When someone other than a spouse inherits all or part of an IRA, the beneficiary can create a new successor beneficiary IRA and request a trustee-to-trustee transfer. The Internal Revenue Service allows this as long as you title the new IRA in the name of the deceased and for the benefit of the beneficiary. A properly titled beneficiary IRA looks like this: "Bill Smith, deceased, inherited IRA for the benefit of Stanley Smith, beneficiary." A non-spouse beneficiary has only limited control over an inherited IRA.

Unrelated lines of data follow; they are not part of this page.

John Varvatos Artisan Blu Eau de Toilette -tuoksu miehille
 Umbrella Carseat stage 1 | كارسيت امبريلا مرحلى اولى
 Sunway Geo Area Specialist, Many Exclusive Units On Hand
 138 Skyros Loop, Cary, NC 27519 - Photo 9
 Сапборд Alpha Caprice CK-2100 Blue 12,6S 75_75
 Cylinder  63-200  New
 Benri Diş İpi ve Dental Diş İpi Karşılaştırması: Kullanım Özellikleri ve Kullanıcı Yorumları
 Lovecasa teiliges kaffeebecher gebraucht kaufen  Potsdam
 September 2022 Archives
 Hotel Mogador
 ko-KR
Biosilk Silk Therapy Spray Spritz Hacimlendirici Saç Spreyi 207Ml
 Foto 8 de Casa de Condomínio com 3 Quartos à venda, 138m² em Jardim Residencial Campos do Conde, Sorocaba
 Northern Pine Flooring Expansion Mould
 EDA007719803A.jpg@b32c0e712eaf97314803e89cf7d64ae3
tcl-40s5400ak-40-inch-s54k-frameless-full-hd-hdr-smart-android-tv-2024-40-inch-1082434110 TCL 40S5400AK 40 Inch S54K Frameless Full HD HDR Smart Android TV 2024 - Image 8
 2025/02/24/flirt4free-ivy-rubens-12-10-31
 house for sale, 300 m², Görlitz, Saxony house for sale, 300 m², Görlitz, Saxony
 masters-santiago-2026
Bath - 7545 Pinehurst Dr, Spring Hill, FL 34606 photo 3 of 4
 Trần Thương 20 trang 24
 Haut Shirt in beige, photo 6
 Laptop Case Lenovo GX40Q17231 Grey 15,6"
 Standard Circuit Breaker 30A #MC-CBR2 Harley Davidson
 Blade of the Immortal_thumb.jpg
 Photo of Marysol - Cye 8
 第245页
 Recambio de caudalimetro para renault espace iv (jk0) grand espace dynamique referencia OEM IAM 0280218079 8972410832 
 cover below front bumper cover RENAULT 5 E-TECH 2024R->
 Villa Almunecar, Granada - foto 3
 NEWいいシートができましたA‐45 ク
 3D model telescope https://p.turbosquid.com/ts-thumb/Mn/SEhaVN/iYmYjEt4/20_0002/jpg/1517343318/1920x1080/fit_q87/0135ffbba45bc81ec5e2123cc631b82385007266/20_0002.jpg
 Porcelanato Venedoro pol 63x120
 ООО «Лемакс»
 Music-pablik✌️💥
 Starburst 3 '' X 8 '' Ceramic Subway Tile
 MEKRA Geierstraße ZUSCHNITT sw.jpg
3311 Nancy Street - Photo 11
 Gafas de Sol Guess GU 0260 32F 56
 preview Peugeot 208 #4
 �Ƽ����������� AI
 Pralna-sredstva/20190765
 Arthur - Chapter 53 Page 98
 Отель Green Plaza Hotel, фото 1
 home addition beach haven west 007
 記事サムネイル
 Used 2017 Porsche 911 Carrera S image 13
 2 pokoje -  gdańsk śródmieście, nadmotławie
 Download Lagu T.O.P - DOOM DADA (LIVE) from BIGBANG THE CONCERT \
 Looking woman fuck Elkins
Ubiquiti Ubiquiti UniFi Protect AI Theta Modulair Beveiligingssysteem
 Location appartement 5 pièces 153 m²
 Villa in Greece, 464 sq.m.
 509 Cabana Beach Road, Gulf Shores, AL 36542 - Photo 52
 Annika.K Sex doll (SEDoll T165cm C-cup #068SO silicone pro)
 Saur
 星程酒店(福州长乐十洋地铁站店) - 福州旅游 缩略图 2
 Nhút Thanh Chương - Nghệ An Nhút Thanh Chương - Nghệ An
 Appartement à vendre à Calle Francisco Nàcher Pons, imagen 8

A beneficiary can’t transfer money into or out of a successor beneficiary IRA, can’t make contributions and must observe inherited IRA withdrawal requirements. The beneficiary can decide how to invest the money within the beneficiary IRA, which is one of its main attractions. For example, suppose you and your two brothers each inherit one-third of your mother’s IRA. By moving your third to a beneficiary IRA, you can invest in assets that might not interest your siblings.

Withdrawal Requirements

You can choose to withdraw the entire balance of an inherited IRA by the end of the fifth year after the death of the owner. Distributions from a traditional IRA are taxable, so some beneficiaries prefer to stretch out annual minimum withdrawals. The stretch-out period depends on whether the owner died before the required beginning date for minimum distributions. If he did, use the life expectancy of the oldest beneficiary. Otherwise, use the longer of the owner’s or oldest beneficiary’s life expectancy.


A spouse can assume ownership of an inherited IRA, which allows her to postpone distributions until age 70 1/2. However, the spouse can elect to take distributions in the non-spouse way and can set up a beneficiary IRA. If any of the beneficiaries is not an individual, the trustee must distribute the IRA using the five-year rule. In a community property state, a spouse must approve the naming of any other IRA primary beneficiaries. Without permission, the owner can’t change the primary beneficiary.